Crude Oil at Critical Junction
Crude oil has been trading roughly sideways for more than two years now, between $40 and $80 per barrel. Recently, the market tested 2016’s high near $58. We noted in several publications that this rally was bound to fail and that rallies above $55 per barrel should be sold. The purpose of this piece is not to pat ourselves on the back but rather to explain the battle that takes place in the markets between the speculators and the commercial traders and define the characteristics that put us on alert for major speculative washouts like we’re seeing in the crude oil futures market.
Bear with the boring part. We track the actions of the commercial and speculative traders through the weekly Commitments of Traders(COT) report. This report by the Commodity Futures Trading Commission(CFTC) allows us to track the net and total positions being carried by the respective trading groups. We then use this data to create our indicator, the COT Ratio. You’ll see in the charts below that the bigger the speculative interest in a move, the more likely it is to fail. For example, in June of 2014, our COT Ratio set a record reading. This meant that the speculators had never been more collectively bullish. Remember, “peak oil?” The market “peaked” on June 27th of 2014, just shy of $125 per barrel and closed the year at $77.50 and continued falling all the way below $40 per barrel early last year. That is a speculative washout.
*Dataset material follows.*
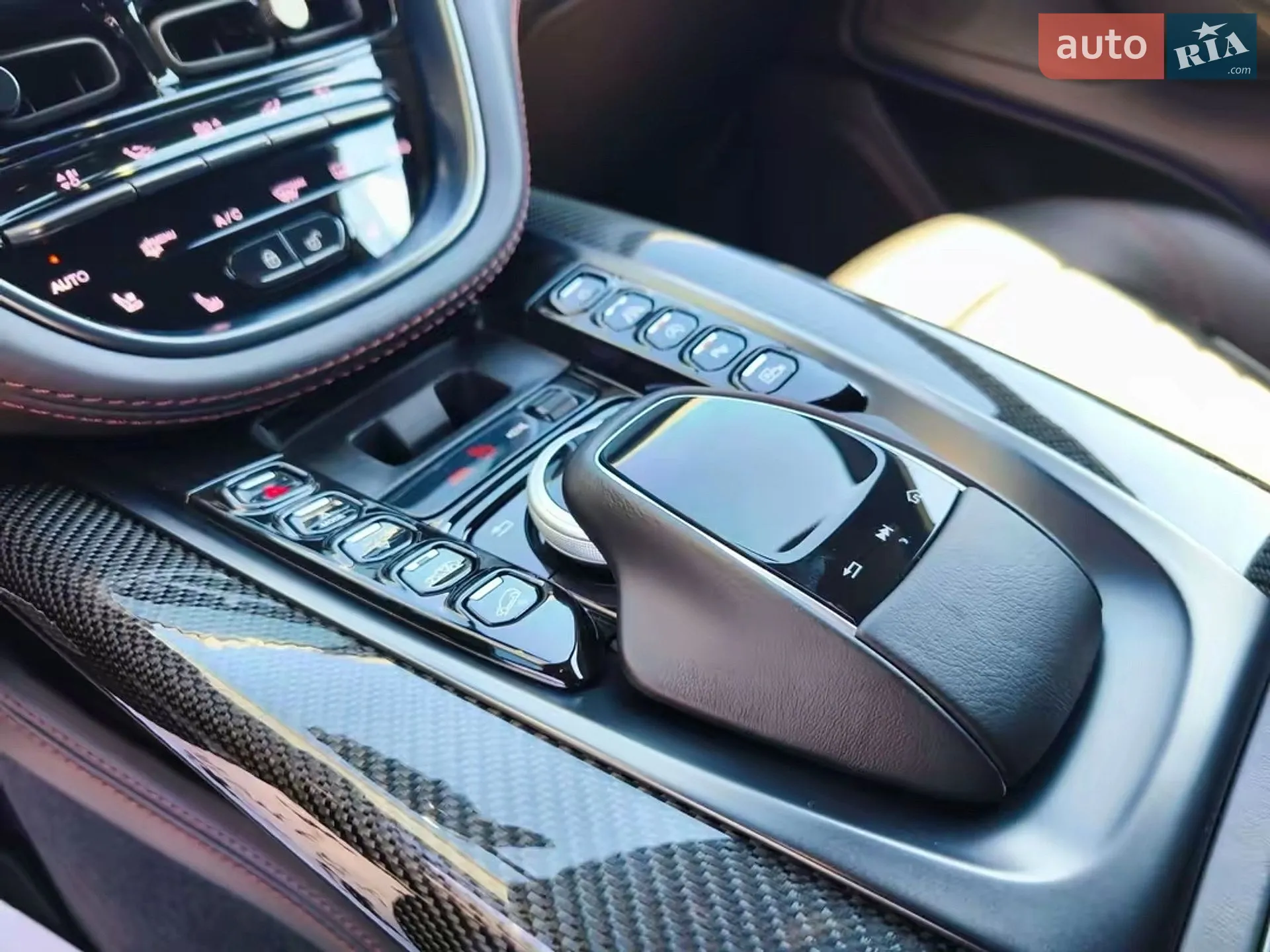 2021 Aston Martin DBX - мініатюра 24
Looking at the weekly chart below, you’ll see that I’ve highlighted the significant portions of the commercial selling. It’s also important to understand that as the breakeven production price of crude oil declines through modern production technology and new reserves are proven, the pressure lies on the oil drillers to get their product sold at a profit. Many drillers were forced to cease production on the decline below $40 but, they’re coming back with new and improved methods. The post-election oil rally met with new resistance as the drillers re-entered the market selling forward contracts at a record pace attempting to make up for lost revenues while protecting themselves from another downturn in oil prices.
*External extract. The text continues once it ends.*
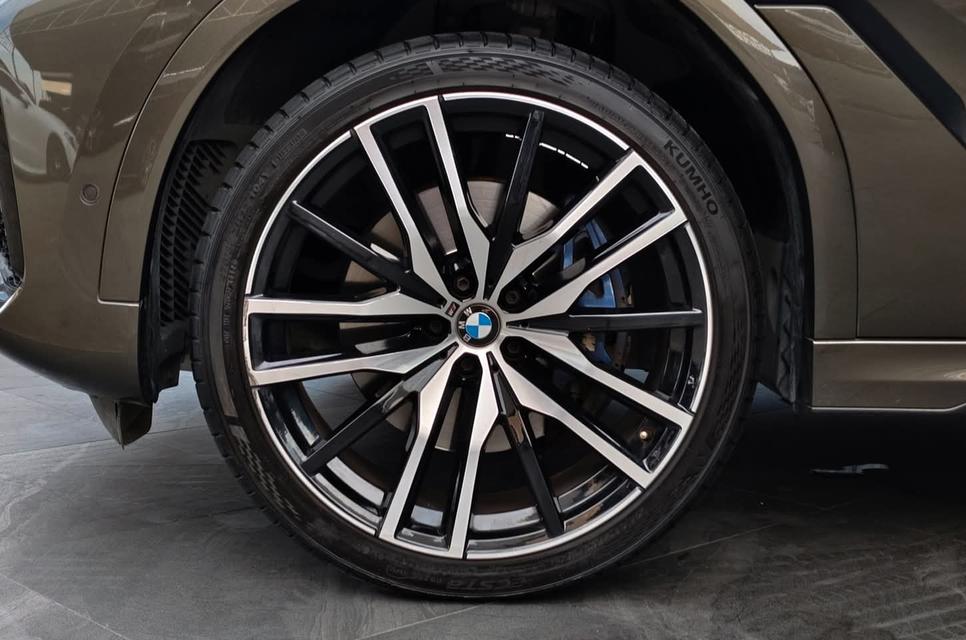 X6 xDrive40i Msport 15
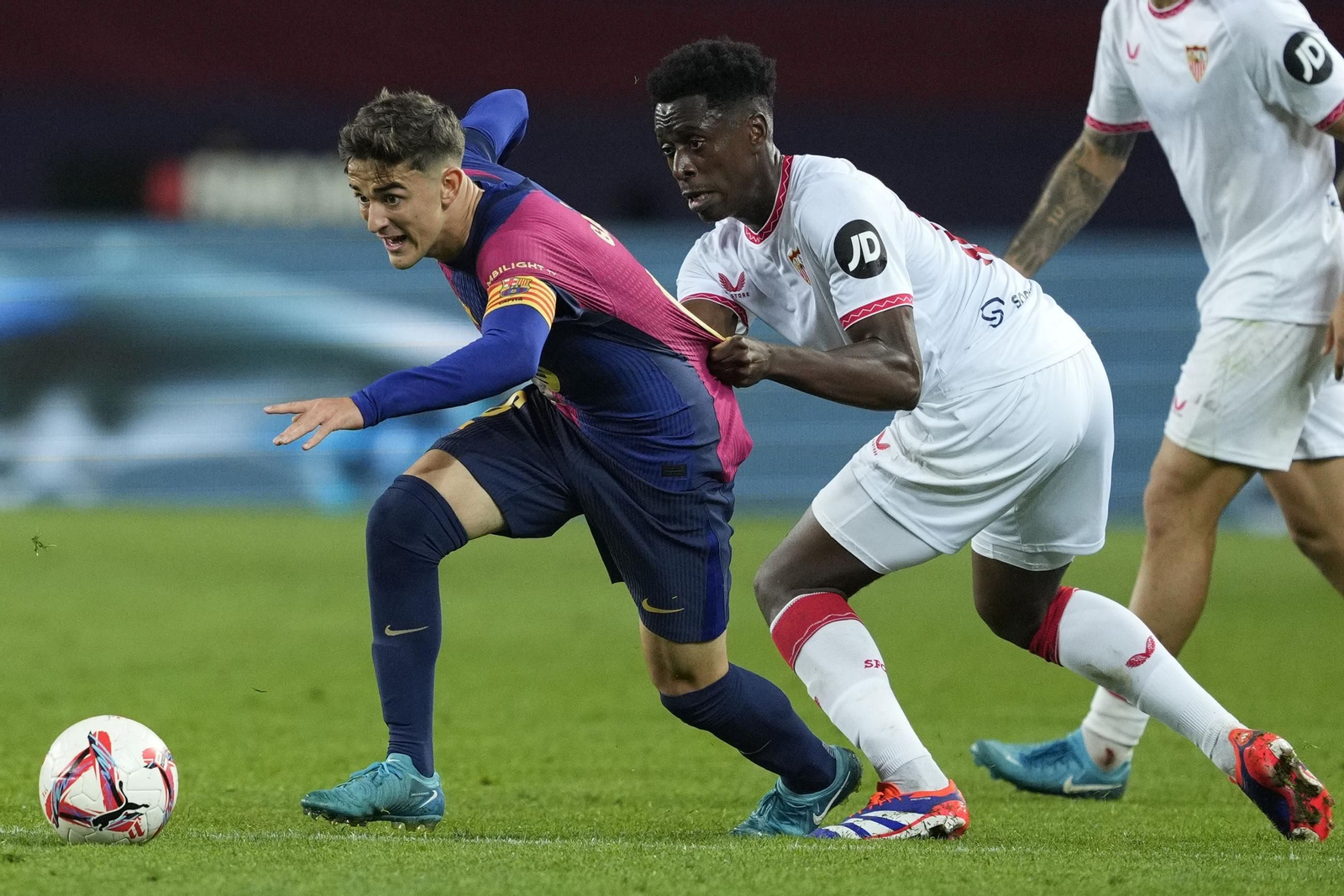 Lokonga agarra al reaparecido Gavi.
Before we move to the daily chart, it’s important to take a look at the technical action in the weekly chart above. Crude oil bottomed early in 2016, near $38 per barrel. The upward sloping trend line off that low now comes in around $47 per barrel. Crude oil volatility has declined as the market has risen from its low while being bound from above by commercial driller selling. The battle between the speculators trying to push the market higher appears to have climaxed. Speculative long liquidation over the last two weeks has dropped the COT Ratio from more than 4.5 to a closer to average 2.7. However, it is important to take into consideration the size of the net and total positions. The speculators could easily dump more than 100k contracts without disrupting the normal pace of their liquidations. A close below the upward sloping trend line at $47 per barrel could trigger this next wave of speculative liquidation. A close below the trend line should push the market down towards $40 per barrel and serve as a re-test of the February, ’16 low.
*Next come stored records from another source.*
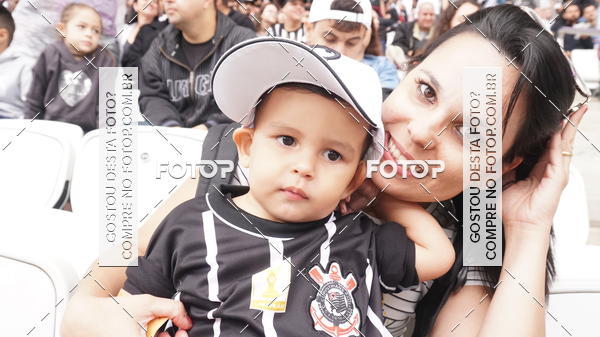 Buy your photos of the eventCorinthians X Fluminense - Brasileir�o on Fotop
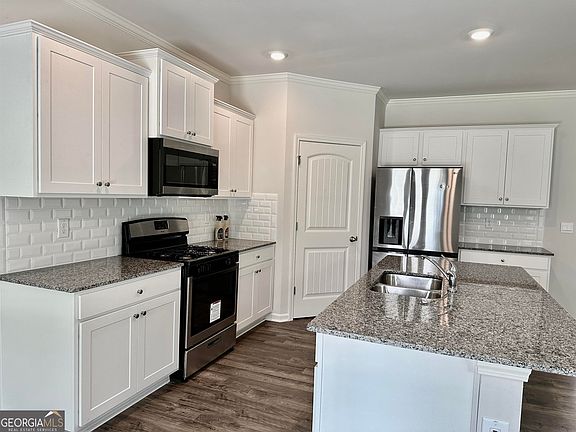 4th image of 4817 Layton Dr
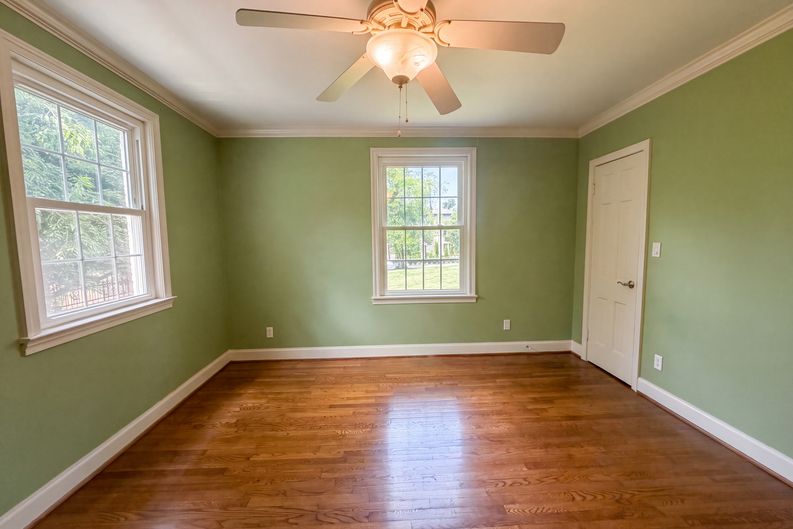 Photo 10 of 23 of 608 Estes Rd, Nashville, TN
Shifting gears to the daily chart and the standard Commitments of Traders overlay we use in our nightly COT Signals email, we’ll start with the third subgraph, which tracks commercial traders’ momentum. The commercial traders’ collective total position is usually about twice the size of the speculative position in the crude oil market. When the commercial traders collectively decide that their market is under or overvalued, they put their capital to work with drillers selling forward production and refiners buying futures to supply their crack operations. We want to be on the dominant side of value and strength. Therefore, we look for buying opportunities when their momentum is positive, and we look for selling opportunities when their momentum is negative.
This where the rubber meets the road. We use a short-term momentum indicator to determine overbought and oversold. Remember that speculative traders tend to have a “fools rush in” mentality. They are afraid of the market getting away from them. This leads to the positive, exponential correlation between the speculative traders’ net position and a given market’s price run. Their behavior is similar to chasing a hot manager in the equity markets. The market continues moving in the same direction until it runs out of speculative fuel and collapses of its own weight. The short-term momentum indicator helps determine when there may be enough fuel to generate a powerful enough reversal to trade. Recently, the market was overbought thanks to a record net long speculative position as shown in the bottom plot. This is more than enough fuel to force the market lower.
Finally, notice the last trade on the chart. This is the buy signal that went out last week. Our discretionary methodology always places a protective stop loss order at the recent swing high or, low. Our philosophy is value trading based on the commercial traders’ consensus of prices. If we are right and the market has turned, we should have ample time to take profits as the speculators are flushed out by the market’s retreat. We were wrong but, note that commercial traders’ covering some of their record short positions has pushed their momentum onto the buy side. It will be interesting to see if the market will stabilize here, creating a favorable bounce to trade higher or, if the crude oil market is getting set for another leg lower.
There are times when the swing high or low may be too far away monetarily to suit the risk profile of your account. In those cases, don’t take the trade. Twenty-five years of trading has proven one thing for certain; there’s always another trade. Know your risk and trade accordingly.